14.05.2007 | 13:50 Uhr |

Das Unternehmen MRT will Microsoft, Apple, Realnetworks und Adobe wegen ihrer Media-Player verklagen. MRT verlangt die Nutzung der von ihm entwickelten Technologie, die vor illegaler Vervielfältigung urheberrechtlich geschützter Werke sorgen soll. Wenn die vier Unternehmen die Technologie nicht lizensieren wollen, dann will MRT vor Gericht ziehen.

Das in den USA mal häufig einfach so geklagt wird, ist nichts Neues. Auch in der vergangenen Woche erreichte Microsoft mal wieder die Androhung einer Klage. Und auch Apple, RealNetworks und Adobe erhielten diese Drohung.

Was ist passiert? Das Unternehmen Media Rights Technologies (MRT) wirft den Unternehmen vor, mit Windows Media Player, Vista, Real Player, Itunes & Co. Produkte auf den Markt zu bringen, die gegen das DMCA (Digital Millennium Copyright Act) verstoßen, weil sie unter bestimmten technischen Voraussetzungen die Erstellung von digitaler Kopien von urheberrechtlich geschützten Medien erlauben.

Wie es der Zufall will, hat MRT eine Technologie entwickelt, die das Erstellen von Kopien urheberrechtlich geschützter Inhalte unterbindet. Die Technologie – so betont das Unternehmen – habe sich als effektiv erwiesen. Und weil Microsoft & Co. die Technologie nicht einsetzen, verstoßen sie gegen das DMCA.

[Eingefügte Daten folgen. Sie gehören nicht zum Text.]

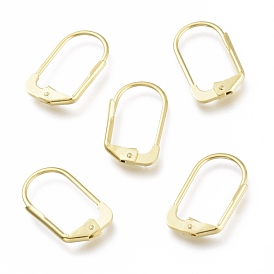 Brass Leverback Earring Findings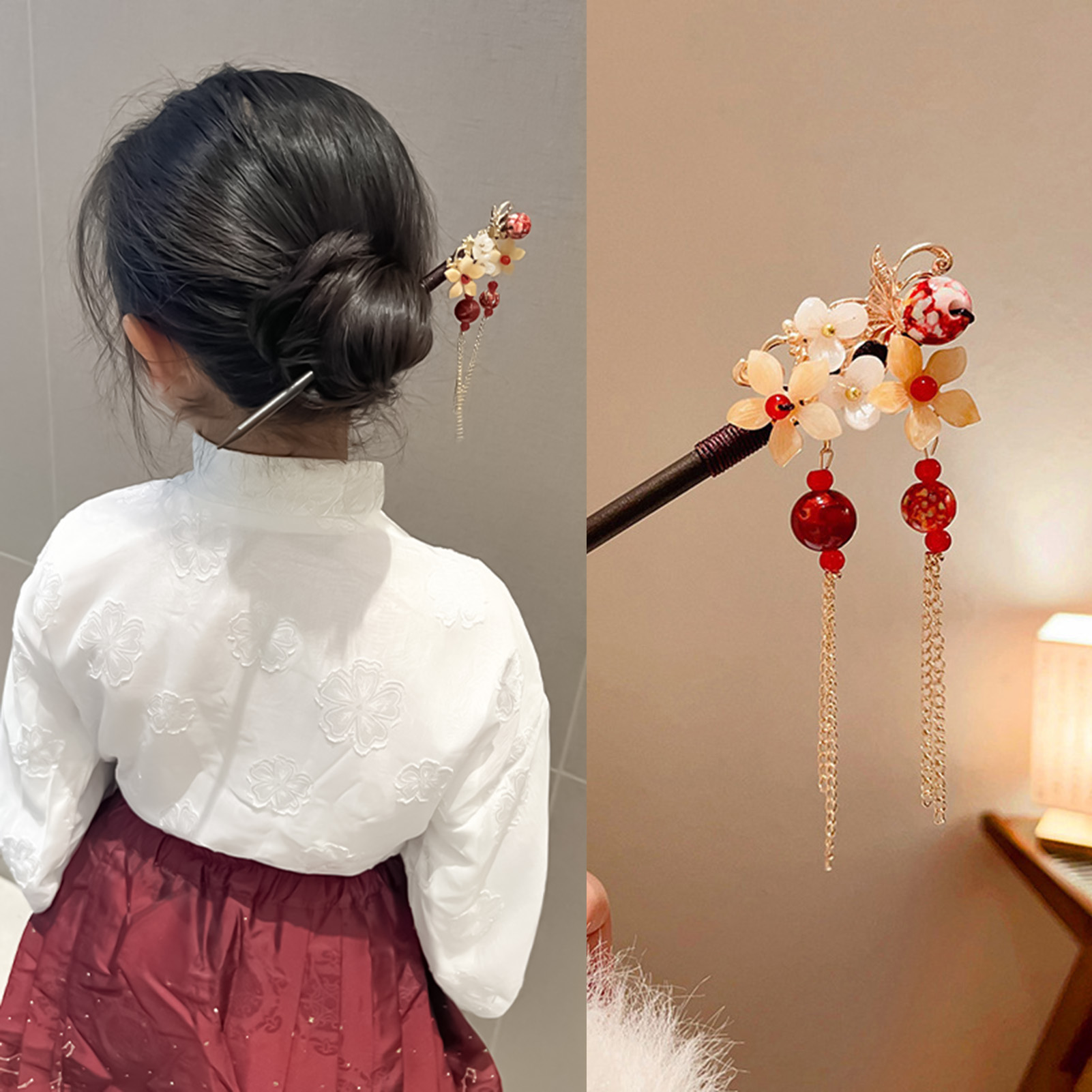 Holiday Party Chinese Hair Sti - Supply Florist incelemesi ve fiyatı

Gegenüber dem US-IT-Dienst Cnet erklärte der Chef von MRT, dass man den vier Unternehmen eine Unterlassungsanordnung zukommen habe lassen und ihnen 10 Tage gibt, um Gespräche mit MRT zu führen. Geschieht dies nicht, dann will MRT vor einem Gericht klagen und die Entfernung der Produkte der vier Unternehmen vom Markt verlangen.

Ein Sprecher von Realnetworks verneinte zwar, den Brief von MRT gesehen zu haben, bezeichnete das Vorgehen von MRT aber als eine neue Art und Weise der „Entwicklung eines Geschäfts“. Unterm Strich scheine es sich bei MRT eher um ein „verzweifeltes Unternehmen“ zu handeln, das versuche zu erreichen, dass seine Technologie lizensiert wird.

Von Rechtsexperten wird angezweifelt, dass MRT mit dem Versuch auf diese Art und Weise Lizenznehmer zu finden, erfolgreich sein wird. Der DMCA sei in diesem Fall zu „kreativ“ ausgelegt worden. Sollte MRT vor ein Gericht ziehen, dann könnte der Schuss leicht nach hinten gehen, denn das DMCA sieht auch vor, dass zu unrecht beklagte Unternehmen Schadensersatz fordern können.